Telles turned off his cellphone and waited in a vehicle outside German’s home until the attack, police said. It was characterized as a planned response to articles written by German about “turmoil and internal dissension” in the county office that manages the estates of people who die without a will or family contacts.
Telles lost his primary bid for re-election in June after stories in May aired allegations of administrative intimidation, favoritism and Telles’ relationship with subordinate staff. County lawmakers have hired a consultant to address complaints about his office’s leadership.

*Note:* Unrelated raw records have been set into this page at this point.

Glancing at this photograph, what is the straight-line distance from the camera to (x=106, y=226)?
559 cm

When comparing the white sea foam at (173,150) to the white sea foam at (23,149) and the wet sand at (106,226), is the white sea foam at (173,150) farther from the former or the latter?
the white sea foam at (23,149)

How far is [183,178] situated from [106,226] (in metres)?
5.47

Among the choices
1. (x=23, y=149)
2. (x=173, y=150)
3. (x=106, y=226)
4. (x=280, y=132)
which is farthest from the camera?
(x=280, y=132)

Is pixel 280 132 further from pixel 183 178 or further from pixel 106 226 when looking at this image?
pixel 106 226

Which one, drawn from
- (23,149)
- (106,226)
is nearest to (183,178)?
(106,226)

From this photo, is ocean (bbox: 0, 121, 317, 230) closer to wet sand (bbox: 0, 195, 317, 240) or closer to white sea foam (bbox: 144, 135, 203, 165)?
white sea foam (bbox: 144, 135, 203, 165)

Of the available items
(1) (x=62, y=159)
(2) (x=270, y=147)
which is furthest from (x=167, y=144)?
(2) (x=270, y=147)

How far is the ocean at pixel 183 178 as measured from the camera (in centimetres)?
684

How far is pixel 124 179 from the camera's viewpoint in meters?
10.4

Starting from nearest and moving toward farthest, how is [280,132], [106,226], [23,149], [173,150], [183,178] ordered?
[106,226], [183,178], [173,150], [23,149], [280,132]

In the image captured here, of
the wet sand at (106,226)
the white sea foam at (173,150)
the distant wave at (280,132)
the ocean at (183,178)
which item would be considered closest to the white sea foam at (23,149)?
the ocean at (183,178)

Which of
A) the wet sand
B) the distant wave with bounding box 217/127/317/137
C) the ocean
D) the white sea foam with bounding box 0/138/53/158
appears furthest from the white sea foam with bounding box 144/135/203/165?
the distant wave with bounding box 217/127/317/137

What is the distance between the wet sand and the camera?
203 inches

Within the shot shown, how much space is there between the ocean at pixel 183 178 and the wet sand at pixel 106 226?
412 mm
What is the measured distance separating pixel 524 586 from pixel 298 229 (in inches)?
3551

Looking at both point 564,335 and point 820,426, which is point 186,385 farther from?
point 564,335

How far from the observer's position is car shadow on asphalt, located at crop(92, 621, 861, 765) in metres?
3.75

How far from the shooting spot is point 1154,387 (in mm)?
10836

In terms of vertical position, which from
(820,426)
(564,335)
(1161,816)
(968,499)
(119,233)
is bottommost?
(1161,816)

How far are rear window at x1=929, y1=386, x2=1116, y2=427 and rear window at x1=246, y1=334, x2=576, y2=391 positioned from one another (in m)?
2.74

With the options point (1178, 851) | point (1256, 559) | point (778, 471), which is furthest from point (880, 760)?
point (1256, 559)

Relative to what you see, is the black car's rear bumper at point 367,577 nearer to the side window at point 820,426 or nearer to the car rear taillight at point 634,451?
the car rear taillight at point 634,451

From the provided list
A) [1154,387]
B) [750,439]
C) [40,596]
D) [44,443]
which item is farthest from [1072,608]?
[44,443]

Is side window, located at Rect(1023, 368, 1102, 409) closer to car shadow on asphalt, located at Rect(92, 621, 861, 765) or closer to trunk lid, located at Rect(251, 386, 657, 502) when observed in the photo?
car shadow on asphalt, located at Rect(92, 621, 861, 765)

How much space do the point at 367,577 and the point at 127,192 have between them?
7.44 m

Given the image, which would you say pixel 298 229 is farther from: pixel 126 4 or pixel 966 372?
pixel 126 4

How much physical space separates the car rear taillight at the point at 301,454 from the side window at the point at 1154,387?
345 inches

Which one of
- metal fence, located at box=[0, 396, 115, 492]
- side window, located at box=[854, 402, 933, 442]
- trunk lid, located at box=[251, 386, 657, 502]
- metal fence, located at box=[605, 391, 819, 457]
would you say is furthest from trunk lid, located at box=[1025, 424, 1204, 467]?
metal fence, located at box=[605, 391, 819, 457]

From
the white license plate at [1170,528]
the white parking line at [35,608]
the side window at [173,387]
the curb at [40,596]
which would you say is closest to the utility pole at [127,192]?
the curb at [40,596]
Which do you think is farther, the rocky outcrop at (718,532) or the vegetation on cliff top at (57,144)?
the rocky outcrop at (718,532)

German was widely respected for his tenacity, and his colleagues said he was working on further reports about Tels and the Public Administrator’s Office when he died.
“The published articles … destroyed (Telles’) political career, possibly his marriage, and it’s a blow to his cause,” Chief Deputy Clark County District Attorney Richard Schoe told the judge on Sept. 8.
That judge, Las Vegas Justice of the Peace Elana Lee Graham, called the police report detailing the attack “chilling” and said German was described as “fighting for his life.” She talked about defensive wounds found on German’s hands and said DNA from Telles was found under German’s fingernails.
A search warrant found items in Telles’ home, including blood-stained shoes and a straw hat that had been cut into pieces, police said. Officials said the weapon used to kill the German was not immediately found.
Clark County Sheriff Joe Lombardo, a Republican running for governor in November, said investigators also obtained security video showing the attack.
The Nevada Press Association announced this Saturday that German will be inducted into the Nevada Newspaper Hall of Fame.
German joined the Review-Journal in 2010 after more than two decades at the rival Las Vegas Sun, where he was a columnist and reporter covering the courts, politics, labor, government and organized crime.
Tells grew up in El Paso, Texas and lived in Colorado before moving to Las Vegas. He worked as a heating and air conditioning technician and graduated in 2014 from law school at the University of Nevada, Las Vegas. He practiced probate and estate law before being elected public administrator in 2018, replacing his three-term predecessor.
In El Paso, Telles’ late grandfather, Richard Telles, served as city clerk, school board trustee and county commissioner, the Review-Journal reported. A great-uncle, Raymond L. Telles Jr., was the city’s first Mexican-American mayor and was appointed ambassador to Costa Rica by President John F. Kennedy and chairman of the US-Mexican Border Commission by President Lyndon B. Johnson. .
Telles’ father, Raymond R. Telles, was elected to two terms on the El Paso City Council but lost a bid for mayor. He gave up his law license and avoided prison after pleading guilty to federal conspiracy and wire fraud charges.
Court and police records show Robert Telles was arrested in Las Vegas in February 2020 after his wife called 911. He allegedly held her in a “bear-hug” position and resisted attempts by two police officers to handcuff him. At the time of his arrest, Telles was recorded on police body-worn cameras as drinking and repeatedly identifying himself as a government official.
The case was dismissed and closed in March 2021 after Telles paid a $418 fine, attended counseling and stayed out of trouble.
His term expires Dec. 31, but Clark County officials said he has been suspended and barred from county offices or property pending a review of his position as an elected official.